DECIMOSEXTO DOMINGO ORDINARIO
(Sabiduría
12:13.16-19; Romanos 8:26-27; Mateo 13:24-30)
Los
informes de Irak siguen mal. Los
radicalistas musulmanes han tomado poder del norte. Amenazan las vidas de la minoría cristiana
cuyas tierras, por la mayor parte, están allá.
Seguramente no les dejarán practicar su fe en paz. La violencia nos deja con el interrogante: ¿Cómo
puede Dios permitir a los malvados seguir sembrando el odio? En la parábola
evangélica hoy Jesús nos presenta una respuesta.
La
parábola propone en términos ilustrativos lo que se ha llamado el “problema del
mal”. Eso es, si Dios es justo, ¿cómo
puede la gente buena sufrir atrocidades?
Jesús cuenta cómo se ha descubierto una mala hierba que asemeja el trigo
sembrada entre la verdadera planta.
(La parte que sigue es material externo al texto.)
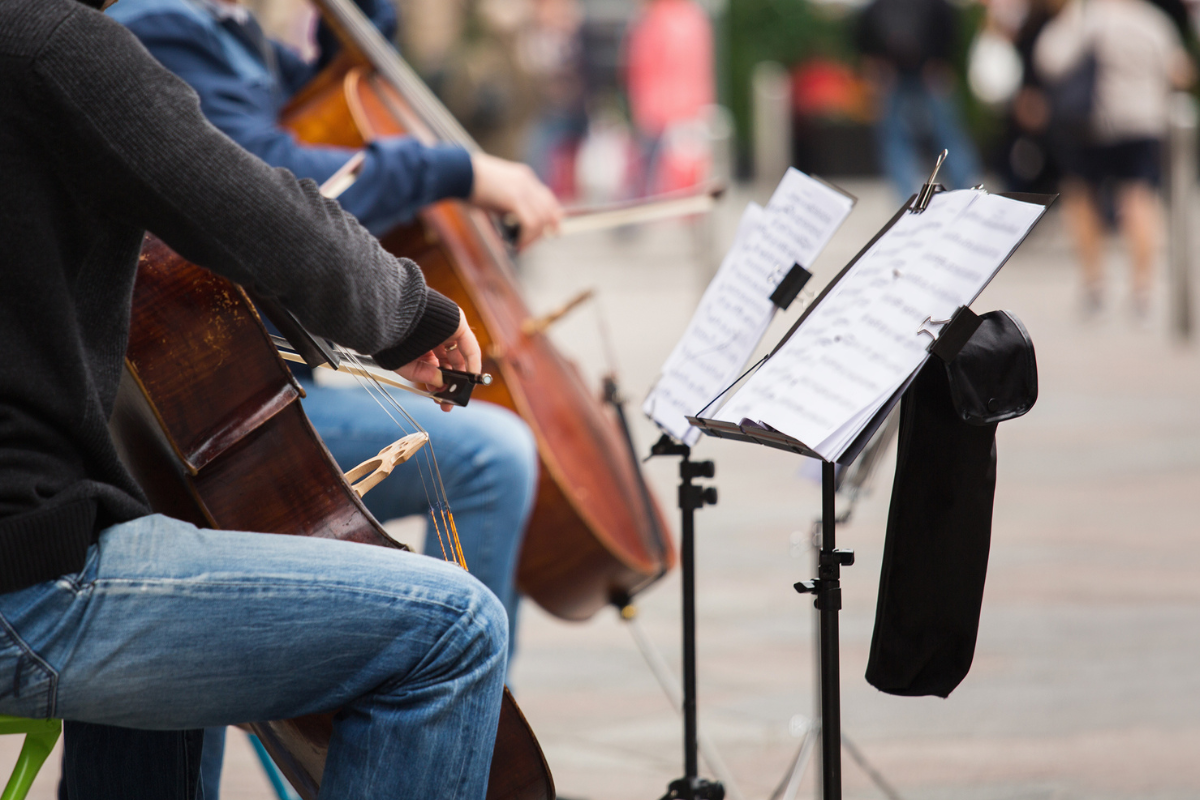 Two cellists performing in public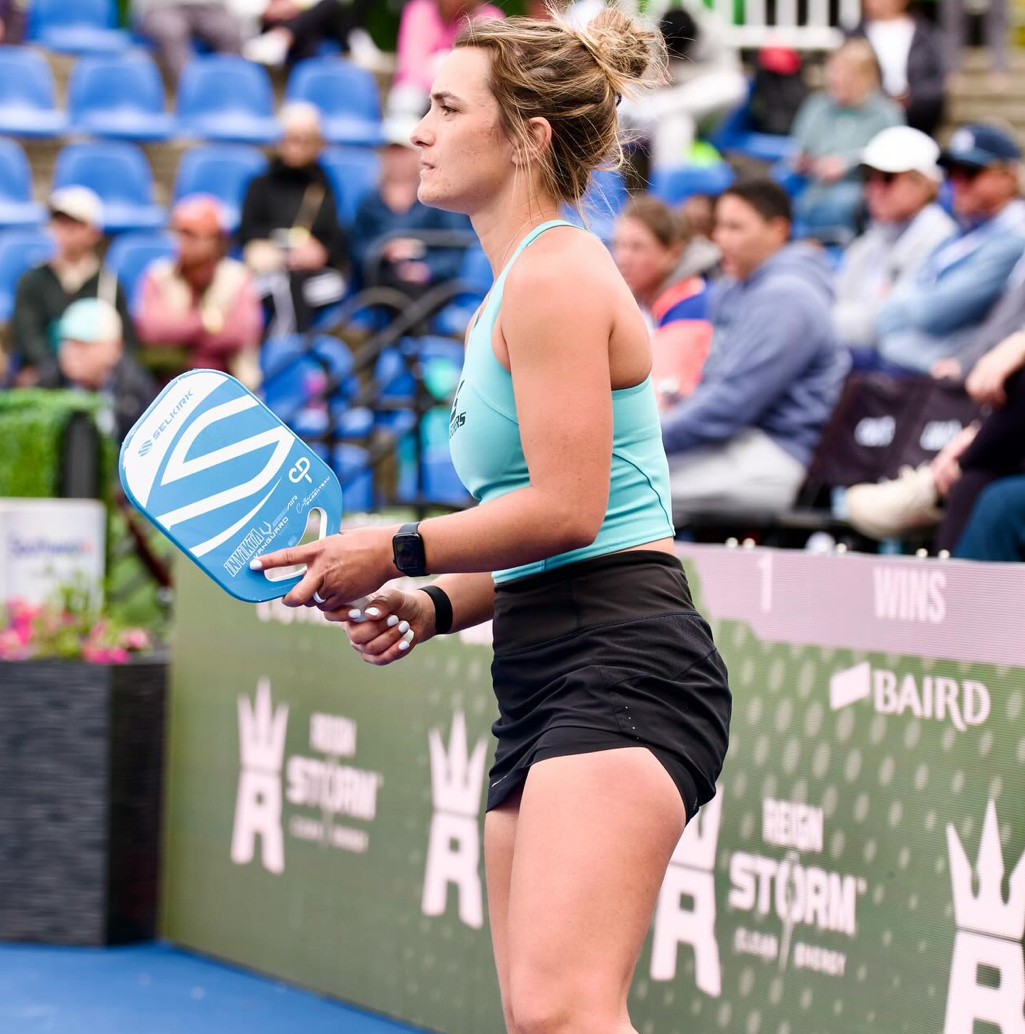 Catherine Parenteau preparing to serve in a pickleball match, with spectators in the background.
Pregunta:
¿Qué debería hacer el amo de la tierra? Entonces
explica que si arranca la amenaza, va a perder el trigo. Pero si no la arranca, la mala hierba se aprovechará
del agua y del sol destinados para el trigo
En una manera u otra, habrá problemas.
La parábola resuelve el dilema por recomendar que no se moleste tanto
por la hierba mala. Dice que al día de la
cosecha se podrá distinguirla del trigo fácilmente para que sea descartada.
Se puede
aplicar la sabiduría de la parábola a situaciones actuales. En el caso de los radicalistas musulmanes, algunos
podrían ser jóvenes bondadosos reclutados en la milicia por la fuerza. Si Dios destrozaría toda la milicia, estos
jóvenes no van a tener la oportunidad de mostrar su bondad. Más cotidiana, la parábola nos indica que no
sería provechoso eliminar las serpientes de cascabel porque sirven como
consumidores de los insectos. Hay otro ejemplo
más significativo que deberíamos considerar.
El campo
de trigo sembrado con la mala hierba representa a cada uno de nosotros. Pues, todos nosotros somos una combinación de
bondad y maldad. Un sabio una vez dijo:
“La línea que separa el bien del mal
no pasa entre estados, ni entre clases, ni entre partidos políticos sino que
atraviesa cada corazón humano”.
Aunque nos conocemos como buena gente, sabemos
que no somos apenas perfectos. Pecamos,
a veces gravemente. Un padre de familia
no puede comunicarse con su hijo joven. Cada
vez que conversen, terminan gritando a uno y otro. Una enfermera siente desdén para la compañera
de trabajo que es morena. Si le ve
acercándose, casi automáticamente vierte la cabeza al lado.
La
parábola nos cuenta que no somos perdidos.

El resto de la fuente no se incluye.